- Died: 23–24 June 1314
- Spouse: Maria
- Children: EuphemiaMaria
- Parent: William Comyn, Lord of KilbrideEuphemia de Clavering

= Edmund Comyn =

Scottish nobleman

Sir Edmund Comyn of Kilbride (died 1314) was a 13th- and 14th-century Scottish noble, owner of Kilbride Castle. He was a younger son of William Comyn of Kilbride and Euphemia de Clavering.

==Life==
He succeeded to his brother John's estates after John died without an heir. He fought, beside his cousins the Earl of Buchan and the Lord of Badenoch, at the Battle of Dunbar on 27 April 1296, where he was captured and became a prisoner of King Edward I of England until 1297 at Nottingham Castle. He was released from captivity and fought during Edward I's campaign in Flanders in 1297–98. He led a Scottish army with Simon Fraser crossing into England on 18 June 1303 to lay waste the countryside around Carlisle.

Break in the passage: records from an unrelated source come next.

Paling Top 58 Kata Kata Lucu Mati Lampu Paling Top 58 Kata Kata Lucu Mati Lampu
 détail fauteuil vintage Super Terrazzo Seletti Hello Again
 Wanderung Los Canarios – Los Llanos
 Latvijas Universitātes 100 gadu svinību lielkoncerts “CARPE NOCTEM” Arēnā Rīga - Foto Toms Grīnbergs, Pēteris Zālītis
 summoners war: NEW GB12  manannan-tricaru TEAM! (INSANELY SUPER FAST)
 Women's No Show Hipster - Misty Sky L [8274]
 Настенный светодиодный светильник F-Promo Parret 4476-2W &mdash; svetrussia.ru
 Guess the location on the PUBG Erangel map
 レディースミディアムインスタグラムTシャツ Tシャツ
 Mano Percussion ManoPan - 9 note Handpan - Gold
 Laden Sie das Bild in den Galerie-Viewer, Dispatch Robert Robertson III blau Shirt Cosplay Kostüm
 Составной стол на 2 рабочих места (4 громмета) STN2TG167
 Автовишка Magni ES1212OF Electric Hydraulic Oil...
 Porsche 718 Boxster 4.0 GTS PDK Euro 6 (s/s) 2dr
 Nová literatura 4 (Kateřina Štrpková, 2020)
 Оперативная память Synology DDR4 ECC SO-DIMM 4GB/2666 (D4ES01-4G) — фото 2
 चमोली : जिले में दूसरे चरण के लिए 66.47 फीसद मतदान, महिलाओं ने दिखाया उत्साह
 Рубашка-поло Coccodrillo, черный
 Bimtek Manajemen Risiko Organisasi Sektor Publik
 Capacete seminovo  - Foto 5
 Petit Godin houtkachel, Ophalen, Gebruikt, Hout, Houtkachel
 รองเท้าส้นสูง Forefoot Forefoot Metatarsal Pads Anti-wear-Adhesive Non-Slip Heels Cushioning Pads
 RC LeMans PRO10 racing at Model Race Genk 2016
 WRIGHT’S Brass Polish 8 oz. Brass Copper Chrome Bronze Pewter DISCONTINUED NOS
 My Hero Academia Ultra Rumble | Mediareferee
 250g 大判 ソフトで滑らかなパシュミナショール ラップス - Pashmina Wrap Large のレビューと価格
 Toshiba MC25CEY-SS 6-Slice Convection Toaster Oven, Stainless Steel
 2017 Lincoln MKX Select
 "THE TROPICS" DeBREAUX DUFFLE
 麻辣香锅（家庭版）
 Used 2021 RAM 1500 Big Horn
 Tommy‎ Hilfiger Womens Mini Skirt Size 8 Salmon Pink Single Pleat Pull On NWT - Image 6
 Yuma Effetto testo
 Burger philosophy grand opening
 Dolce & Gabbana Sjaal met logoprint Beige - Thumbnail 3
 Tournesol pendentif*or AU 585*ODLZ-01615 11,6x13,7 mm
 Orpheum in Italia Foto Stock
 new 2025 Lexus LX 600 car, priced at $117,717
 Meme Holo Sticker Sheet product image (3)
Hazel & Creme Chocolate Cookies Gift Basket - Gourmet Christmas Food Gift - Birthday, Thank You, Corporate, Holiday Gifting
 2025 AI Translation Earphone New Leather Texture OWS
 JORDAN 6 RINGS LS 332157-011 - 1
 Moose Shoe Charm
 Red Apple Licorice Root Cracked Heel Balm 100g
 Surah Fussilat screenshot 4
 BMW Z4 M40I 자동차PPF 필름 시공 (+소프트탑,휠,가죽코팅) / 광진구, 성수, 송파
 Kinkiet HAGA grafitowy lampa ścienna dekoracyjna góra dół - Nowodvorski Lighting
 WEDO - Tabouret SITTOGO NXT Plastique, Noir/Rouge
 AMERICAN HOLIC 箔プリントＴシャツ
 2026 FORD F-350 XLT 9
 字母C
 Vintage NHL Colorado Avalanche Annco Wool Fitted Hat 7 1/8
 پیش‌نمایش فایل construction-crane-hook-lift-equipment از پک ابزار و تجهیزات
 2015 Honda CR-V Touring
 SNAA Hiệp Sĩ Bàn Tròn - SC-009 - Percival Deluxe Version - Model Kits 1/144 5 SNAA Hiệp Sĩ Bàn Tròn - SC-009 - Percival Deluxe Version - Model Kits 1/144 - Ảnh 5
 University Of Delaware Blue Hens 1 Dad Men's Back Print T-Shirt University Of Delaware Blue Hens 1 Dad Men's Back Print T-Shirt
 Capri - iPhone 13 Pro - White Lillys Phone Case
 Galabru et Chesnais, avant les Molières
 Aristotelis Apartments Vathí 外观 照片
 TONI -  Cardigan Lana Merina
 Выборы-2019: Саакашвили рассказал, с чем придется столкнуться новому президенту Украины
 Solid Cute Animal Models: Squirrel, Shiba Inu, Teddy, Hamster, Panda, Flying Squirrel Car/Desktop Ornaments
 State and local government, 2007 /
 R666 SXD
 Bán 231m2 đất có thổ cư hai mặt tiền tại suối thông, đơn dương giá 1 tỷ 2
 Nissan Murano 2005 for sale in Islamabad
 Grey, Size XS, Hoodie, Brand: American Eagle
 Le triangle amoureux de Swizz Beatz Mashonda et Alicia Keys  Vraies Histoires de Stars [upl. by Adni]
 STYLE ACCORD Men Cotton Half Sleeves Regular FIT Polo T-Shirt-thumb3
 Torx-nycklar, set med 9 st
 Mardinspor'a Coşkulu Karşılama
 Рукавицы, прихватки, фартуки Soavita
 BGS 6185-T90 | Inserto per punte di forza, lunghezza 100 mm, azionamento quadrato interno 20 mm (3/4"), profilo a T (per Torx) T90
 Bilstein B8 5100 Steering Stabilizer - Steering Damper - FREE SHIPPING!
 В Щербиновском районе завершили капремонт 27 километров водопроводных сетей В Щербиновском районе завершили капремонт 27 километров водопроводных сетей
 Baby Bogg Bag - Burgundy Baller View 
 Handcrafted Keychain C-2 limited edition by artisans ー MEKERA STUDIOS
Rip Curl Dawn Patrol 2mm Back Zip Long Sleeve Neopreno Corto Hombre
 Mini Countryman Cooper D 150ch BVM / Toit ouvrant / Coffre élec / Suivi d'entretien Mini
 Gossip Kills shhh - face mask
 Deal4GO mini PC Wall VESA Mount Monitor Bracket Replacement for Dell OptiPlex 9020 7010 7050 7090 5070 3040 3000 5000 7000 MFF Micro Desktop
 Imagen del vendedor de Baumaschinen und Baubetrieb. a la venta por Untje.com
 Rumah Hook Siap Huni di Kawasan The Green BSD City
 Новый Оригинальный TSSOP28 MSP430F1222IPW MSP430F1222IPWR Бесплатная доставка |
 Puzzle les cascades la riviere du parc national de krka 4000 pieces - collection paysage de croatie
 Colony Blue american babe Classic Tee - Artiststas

He was forfeited of his lands in Fakenham Apes, Suffolk, England; however, he regained them after his submission to Edward I. He was stripped of his Scottish estates and titles by King Robert I of Scotland in 1306. Edmund died fighting on the English side during the Battle of Bannockburn on 23–24 June 1314.

==Family and issue==
Edmund married Maria, and had the following known issue:
- Euphemia, married William de la Beche; had issue.